Data extract:
-- -- --
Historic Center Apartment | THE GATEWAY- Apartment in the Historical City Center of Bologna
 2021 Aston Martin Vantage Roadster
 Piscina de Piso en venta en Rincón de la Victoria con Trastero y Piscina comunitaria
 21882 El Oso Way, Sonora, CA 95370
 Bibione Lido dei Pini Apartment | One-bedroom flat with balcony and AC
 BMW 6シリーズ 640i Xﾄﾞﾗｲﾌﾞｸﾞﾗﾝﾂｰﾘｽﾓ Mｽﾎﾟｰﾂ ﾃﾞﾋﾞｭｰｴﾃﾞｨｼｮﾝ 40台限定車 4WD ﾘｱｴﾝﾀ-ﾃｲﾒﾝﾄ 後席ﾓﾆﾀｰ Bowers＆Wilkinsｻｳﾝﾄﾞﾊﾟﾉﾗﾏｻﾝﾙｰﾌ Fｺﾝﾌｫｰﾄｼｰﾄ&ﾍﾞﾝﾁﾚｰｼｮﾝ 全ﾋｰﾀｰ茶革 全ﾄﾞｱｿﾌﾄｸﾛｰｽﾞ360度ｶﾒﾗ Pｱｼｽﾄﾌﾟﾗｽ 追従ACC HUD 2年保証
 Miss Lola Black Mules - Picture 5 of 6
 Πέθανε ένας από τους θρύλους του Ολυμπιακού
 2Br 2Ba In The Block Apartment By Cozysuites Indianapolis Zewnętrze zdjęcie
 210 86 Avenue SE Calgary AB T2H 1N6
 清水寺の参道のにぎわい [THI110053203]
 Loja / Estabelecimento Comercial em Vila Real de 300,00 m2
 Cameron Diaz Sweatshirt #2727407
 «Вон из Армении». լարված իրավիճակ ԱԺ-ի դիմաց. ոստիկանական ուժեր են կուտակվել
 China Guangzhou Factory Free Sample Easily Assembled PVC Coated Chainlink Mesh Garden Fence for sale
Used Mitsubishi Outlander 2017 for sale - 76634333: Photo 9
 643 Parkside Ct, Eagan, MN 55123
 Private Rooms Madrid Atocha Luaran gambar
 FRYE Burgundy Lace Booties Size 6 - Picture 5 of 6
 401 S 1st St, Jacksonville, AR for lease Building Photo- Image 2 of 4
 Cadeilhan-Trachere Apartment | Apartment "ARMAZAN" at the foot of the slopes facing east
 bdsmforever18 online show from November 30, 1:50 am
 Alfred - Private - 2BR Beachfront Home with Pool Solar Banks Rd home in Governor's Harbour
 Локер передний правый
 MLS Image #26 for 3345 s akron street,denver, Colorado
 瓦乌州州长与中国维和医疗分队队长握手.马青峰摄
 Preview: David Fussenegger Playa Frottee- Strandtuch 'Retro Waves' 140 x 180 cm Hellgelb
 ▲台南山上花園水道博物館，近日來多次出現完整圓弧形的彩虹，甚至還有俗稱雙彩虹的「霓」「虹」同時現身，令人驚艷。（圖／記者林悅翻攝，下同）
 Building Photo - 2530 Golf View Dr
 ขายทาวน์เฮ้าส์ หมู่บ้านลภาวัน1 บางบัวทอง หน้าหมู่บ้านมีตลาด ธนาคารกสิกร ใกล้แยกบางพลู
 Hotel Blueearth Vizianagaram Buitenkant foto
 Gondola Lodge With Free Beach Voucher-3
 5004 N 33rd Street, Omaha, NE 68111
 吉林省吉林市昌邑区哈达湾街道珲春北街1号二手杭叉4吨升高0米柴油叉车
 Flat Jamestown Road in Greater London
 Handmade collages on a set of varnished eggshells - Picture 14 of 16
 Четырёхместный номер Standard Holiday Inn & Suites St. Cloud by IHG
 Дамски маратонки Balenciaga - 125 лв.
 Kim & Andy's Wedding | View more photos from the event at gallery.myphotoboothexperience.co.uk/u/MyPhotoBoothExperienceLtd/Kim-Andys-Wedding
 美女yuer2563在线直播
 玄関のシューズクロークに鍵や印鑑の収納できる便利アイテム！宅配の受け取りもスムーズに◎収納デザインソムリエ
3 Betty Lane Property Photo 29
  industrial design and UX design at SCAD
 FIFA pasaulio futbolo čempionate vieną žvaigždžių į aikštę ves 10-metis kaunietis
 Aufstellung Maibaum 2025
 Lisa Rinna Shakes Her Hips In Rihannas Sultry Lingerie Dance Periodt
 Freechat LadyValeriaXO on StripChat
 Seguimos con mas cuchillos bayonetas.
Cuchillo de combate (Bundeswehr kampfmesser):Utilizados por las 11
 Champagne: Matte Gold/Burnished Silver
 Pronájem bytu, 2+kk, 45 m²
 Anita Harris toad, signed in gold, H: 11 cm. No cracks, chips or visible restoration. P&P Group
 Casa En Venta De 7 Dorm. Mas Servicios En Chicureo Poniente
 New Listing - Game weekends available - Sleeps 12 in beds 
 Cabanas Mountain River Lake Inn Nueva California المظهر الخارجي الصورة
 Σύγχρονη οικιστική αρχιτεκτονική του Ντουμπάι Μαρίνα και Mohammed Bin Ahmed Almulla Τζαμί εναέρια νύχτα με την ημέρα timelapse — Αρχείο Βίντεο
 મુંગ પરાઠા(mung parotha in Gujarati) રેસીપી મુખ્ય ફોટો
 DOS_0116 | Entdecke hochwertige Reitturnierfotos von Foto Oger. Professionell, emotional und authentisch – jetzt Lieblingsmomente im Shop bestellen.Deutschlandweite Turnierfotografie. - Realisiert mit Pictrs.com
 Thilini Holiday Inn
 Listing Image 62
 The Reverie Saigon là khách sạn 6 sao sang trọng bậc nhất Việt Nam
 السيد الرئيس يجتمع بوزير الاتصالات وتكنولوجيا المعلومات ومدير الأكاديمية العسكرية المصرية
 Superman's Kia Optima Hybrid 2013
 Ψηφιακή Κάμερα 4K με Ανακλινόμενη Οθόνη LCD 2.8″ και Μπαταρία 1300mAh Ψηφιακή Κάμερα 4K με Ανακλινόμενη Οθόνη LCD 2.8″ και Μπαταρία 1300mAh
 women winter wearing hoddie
-- -- --
Exercise description:
Scan the records above for the string "Building", then select every line that holds it.

Answer to the exercise:
 401 S 1st St, Jacksonville, AR for lease Building Photo- Image 2 of 4
 Building Photo - 2530 Golf View Dr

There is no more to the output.